** DIRECTIONS **
The listing below must be repeated word for word, with its images excluded.

** INPUT RECORDS **
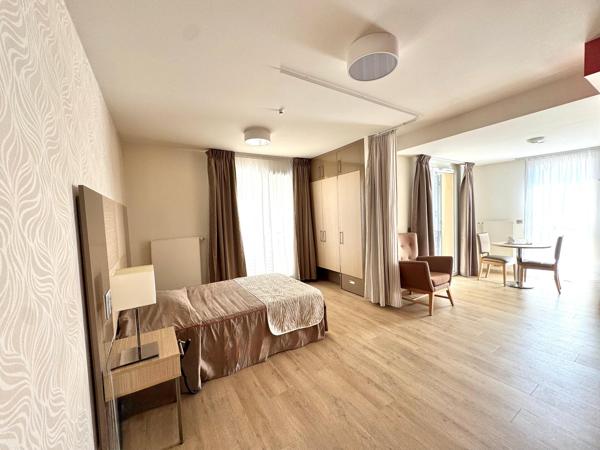 Fréjus centre -appartement meublé avec terrasse résidence sécurisée avec services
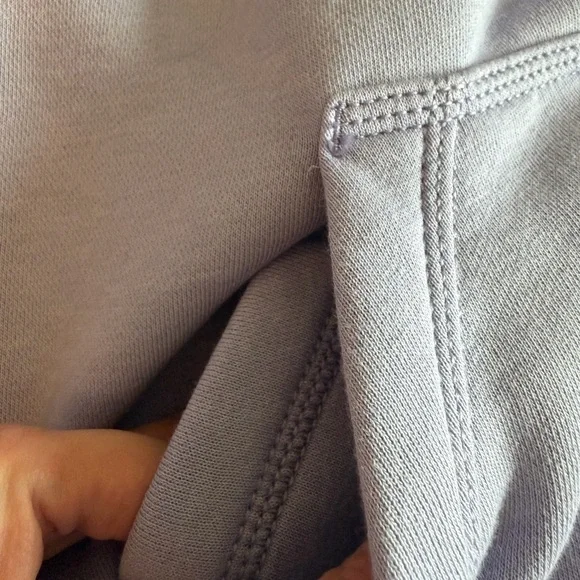 Carhartt women's Lavender Sweatshirt - Picture 8 of 9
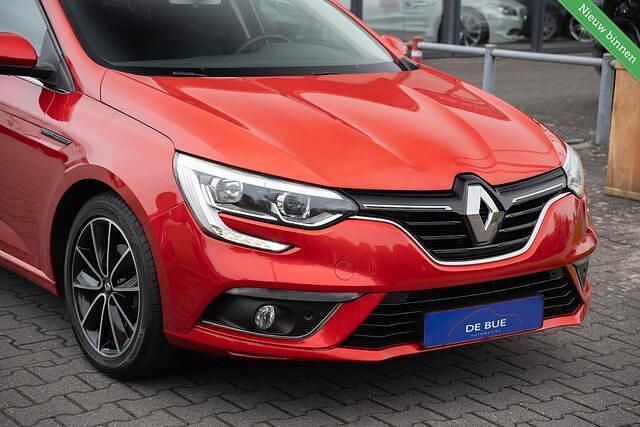 Occasion Renault Mégane GrandTour Intens 132 PK (97 kW) 2017 Rood Stationwagen
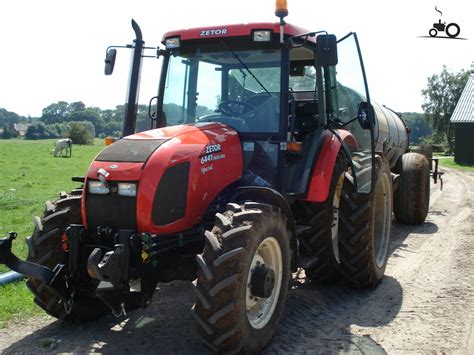 Zetor Proxima 6441 Turbo z podpiętym agregatem uprawowo-siewnym na polu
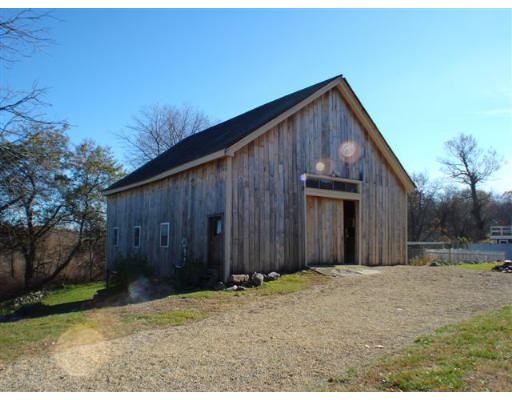 32 River Road Wayland, MA 01778 - Photo 2 of 8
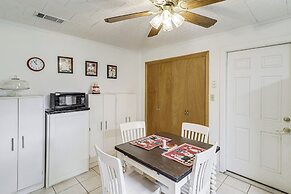 Peaceful Home w/ Yard: 13 Mi to Downtown Houston!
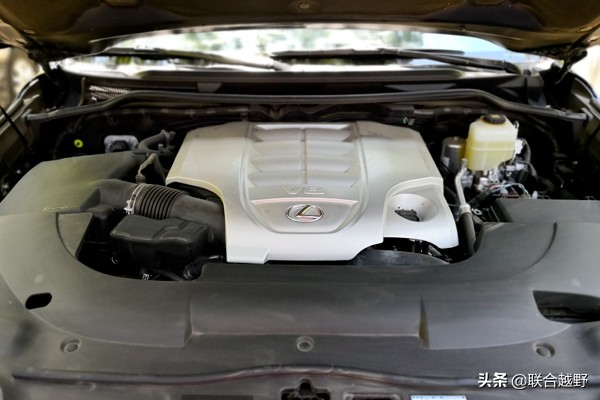 雷克萨斯lx570和揽胜拔河,雷克萨斯lx570极限越野挑战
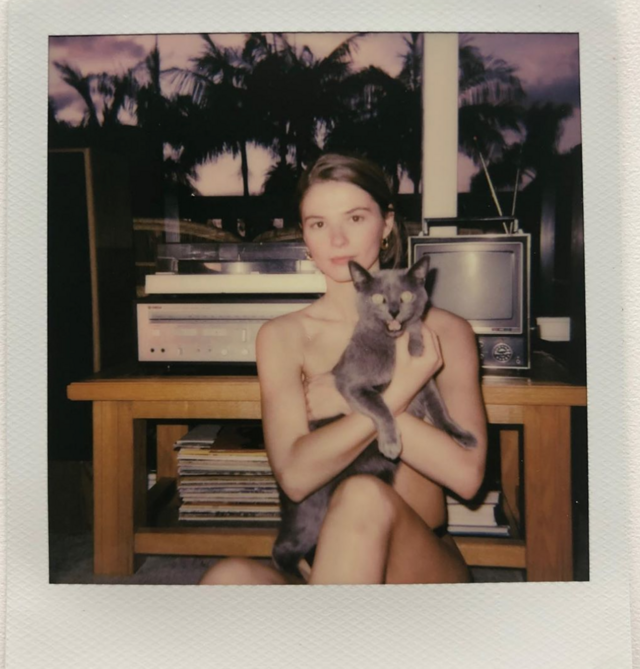 Stefanie Scott Uses her Cat as a Shirt! free nude pictures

** RESPONSE TO THE TASK **
 Fréjus centre -appartement meublé avec terrasse résidence sécurisée avec services
 Carhartt women's Lavender Sweatshirt - Picture 8 of 9
 Occasion Renault Mégane GrandTour Intens 132 PK (97 kW) 2017 Rood Stationwagen
 Zetor Proxima 6441 Turbo z podpiętym agregatem uprawowo-siewnym na polu
 32 River Road Wayland, MA 01778 - Photo 2 of 8
 Peaceful Home w/ Yard: 13 Mi to Downtown Houston!
 雷克萨斯lx570和揽胜拔河,雷克萨斯lx570极限越野挑战
 Stefanie Scott Uses her Cat as a Shirt! free nude pictures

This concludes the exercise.